Departamento de Inmunología, Instituto de Investigaciones Biomédicas, Universidad Nacional Autónoma de México, México, México.
PLoS One. 2012;7(8):e44217. doi: 10.1371/journal.pone.0044217. Epub 2012 Aug 29.

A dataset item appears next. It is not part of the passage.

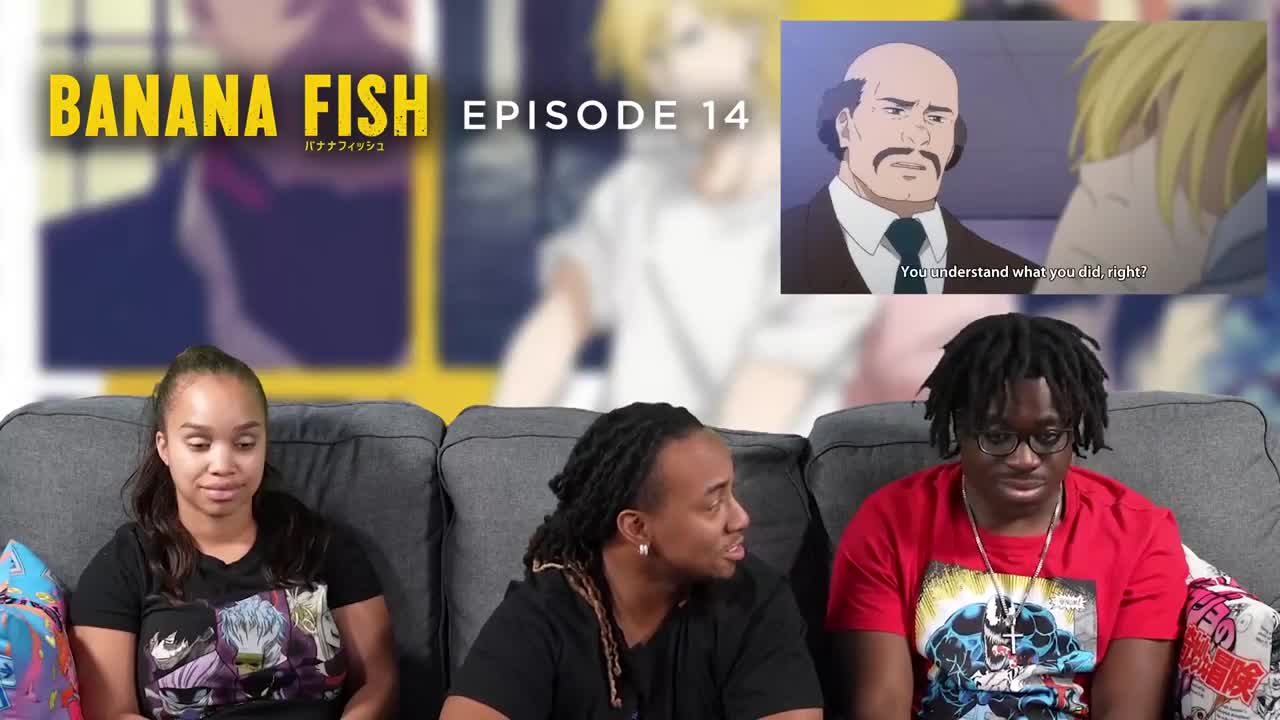 Banana Fish Episode 14 Full Reaction - a101c6b9a822ba1ae876d6280169f4ac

TGF-β type III receptor (TβRIII) is a coreceptor for TGFβ family members required for high-affinity binding of these ligands to their receptors, potentiating their cellular functions. TGF-β [1]-[3], bone morphogenetic proteins (BMP2/4) and inhibins regulate different checkpoints during T cell differentiation. Although TβRIII is expressed on hematopoietic cells, the role of this receptor in the immune system remains elusive. Here, we provide the first evidence that TβRIII is developmentally expressed during T cell ontogeny, and plays a crucial role in thymocyte differentiation. Blocking of endogenous TβRIII in fetal thymic organ cultures led to a delay in DN-DP transition. In addition, in vitro development of TβRIII(-/-) thymic lobes also showed a significant reduction in absolute thymocyte numbers, which correlated with increased thymocyte apoptosis, resembling the phenotype reported in Inhibin α (-/-) thymic lobes. These data suggest that Inhibins and TβRIII may function as a molecular pair regulating T cell development.
TGF-β 型 III 受体 (TβRIII) 是 TGFβ 家族成员的核心受体,对于这些配体与其受体的高亲和力结合以及增强其细胞功能是必需的。TGF-β [1]-[3]、骨形态发生蛋白 (BMP2/4) 和抑制素调节 T 细胞分化过程中的不同检查点。尽管 TβRIII 在造血细胞上表达,但该受体在免疫系统中的作用仍不清楚。在这里,我们提供了第一个证据,表明 TβRIII 在 T 细胞个体发生过程中是发育性表达的,并在胸腺细胞分化中发挥关键作用。在胎胸腺器官培养物中阻断内源性 TβRIII 会导致 DN-DP 过渡延迟。此外,TβRIII(-/-)胸腺小叶的体外发育也显示出绝对胸腺细胞数量的显著减少,这与胸腺细胞凋亡增加相关,类似于在抑制素 α(-/-)胸腺小叶中报道的表型。这些数据表明,抑制素和 TβRIII 可能作为一对分子调节 T 细胞发育。